Goal of the exercise:
Exact copy, no pictures: return all the data below as written.

Short descriptive text snippets:
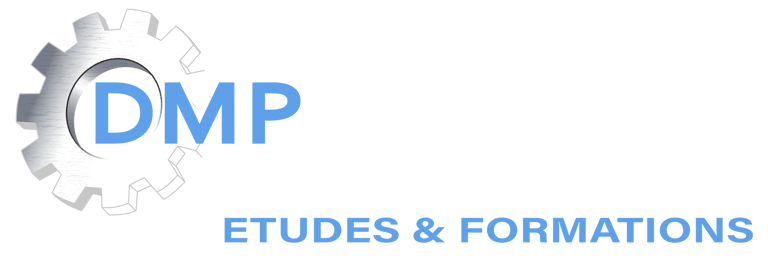 DMP logo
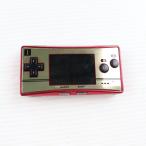 『中古即納』{GBA} (本体) GAMEBOY micro(ゲームボーイミクロ) ファミコンバージョン 任天堂(OXY-S-GA)(20050913)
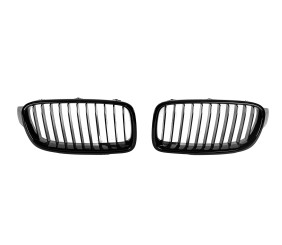 Ніздрі 1Bar (11 полосок) для BMW 3 серія F30/F31 2012-2019 рр
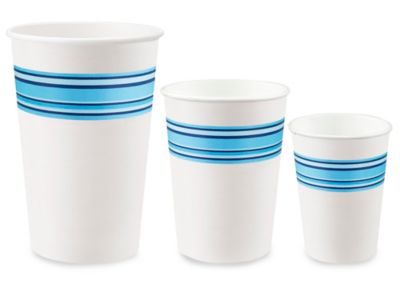Uline Signature Paper Cups in Stock ULINE.ca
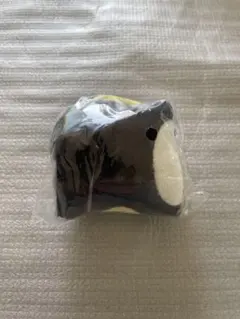 はぴだんぶい ぬいぐるみポシェット バッドばつ丸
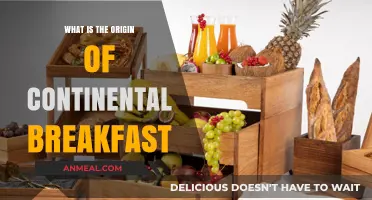 Exploring the Surprising History of the Continental Breakfast Tradition
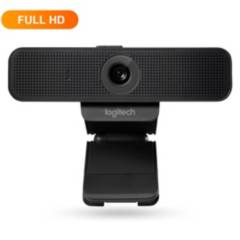 LOGITECH - Camara web Cam Logitech C925E Full HD 1080P con H264 - Empresarial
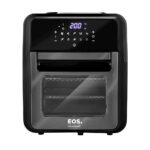 Air Fryer EOS Premium 12L Digital Touch Titanium EAF12T 110V-Amazon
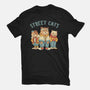 Street Cats-youth basic tee-vp021
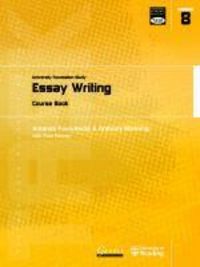 Produktbild: Fava-Verde, A: Essay Writing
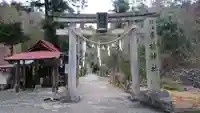 車折神社の鳥居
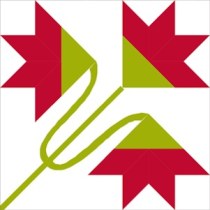 carolina lily 1 inch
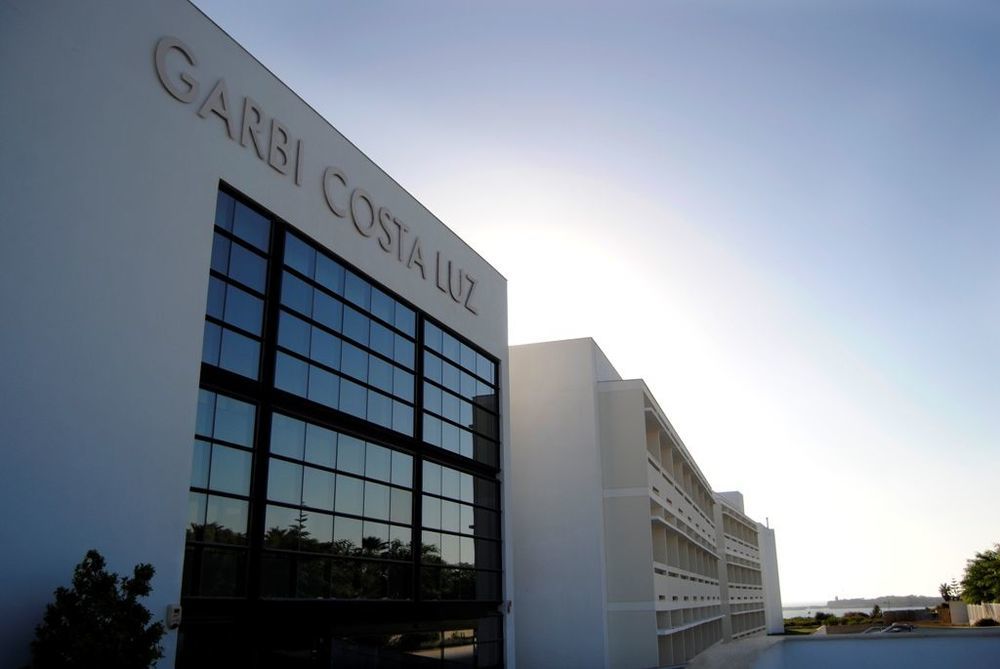 Garbi Costa Luz Hotel Конил-де-ла-Фронтера Екстериор снимка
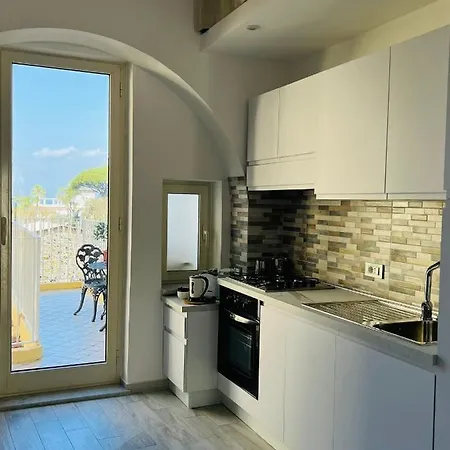 Bed & Breakfast Orsola Maison Sorrento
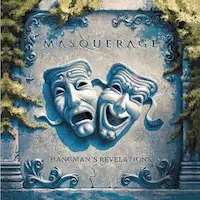 Masquerage - Hangman's Revelations album cover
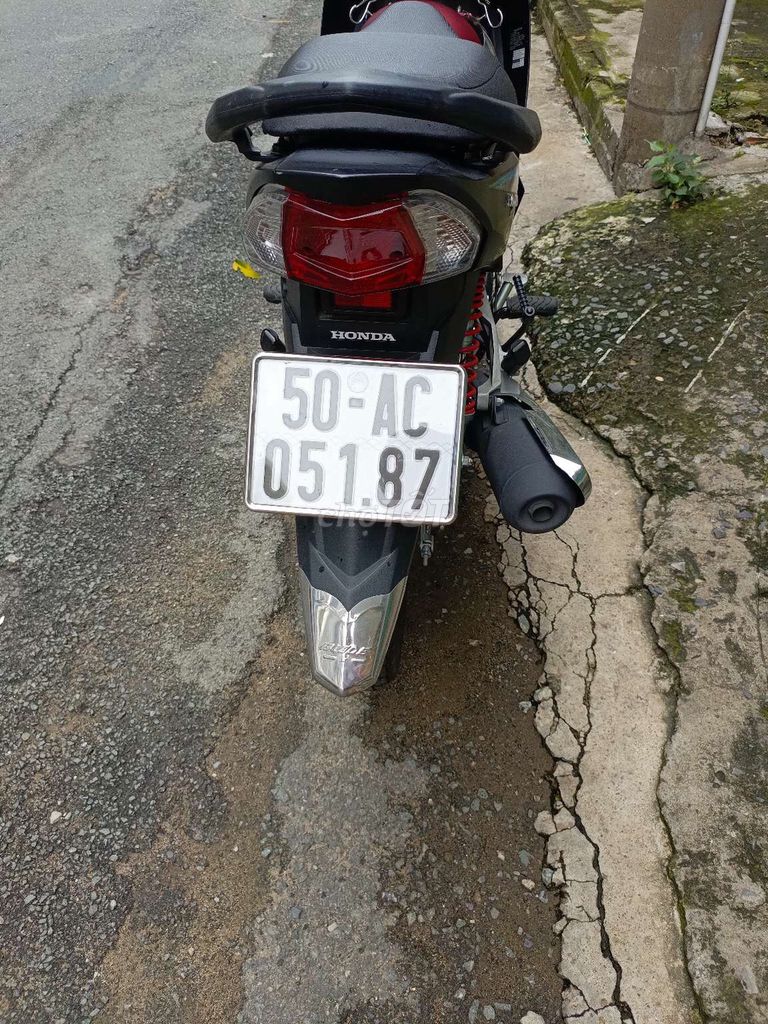 Honda Blade Sport Xanh đen 2025. Mua bán Xe máy tại Quận 11 Tp Hồ Chí Minh được đăng bởi Huỳnh cường hình 2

Written response:
 DMP logo
 『中古即納』{GBA} (本体) GAMEBOY micro(ゲームボーイミクロ) ファミコンバージョン 任天堂(OXY-S-GA)(20050913)
 Ніздрі 1Bar (11 полосок) для BMW 3 серія F30/F31 2012-2019 рр
Uline Signature Paper Cups in Stock ULINE.ca
 はぴだんぶい ぬいぐるみポシェット バッドばつ丸
 Exploring the Surprising History of the Continental Breakfast Tradition
 LOGITECH - Camara web Cam Logitech C925E Full HD 1080P con H264 - Empresarial
 Air Fryer EOS Premium 12L Digital Touch Titanium EAF12T 110V-Amazon
 Street Cats-youth basic tee-vp021
 Produktbild: Fava-Verde, A: Essay Writing
 車折神社の鳥居
 carolina lily 1 inch
 Garbi Costa Luz Hotel Конил-де-ла-Фронтера Екстериор снимка
 Bed & Breakfast Orsola Maison Sorrento
 Masquerage - Hangman's Revelations album cover
 Honda Blade Sport Xanh đen 2025. Mua bán Xe máy tại Quận 11 Tp Hồ Chí Minh được đăng bởi Huỳnh cường hình 2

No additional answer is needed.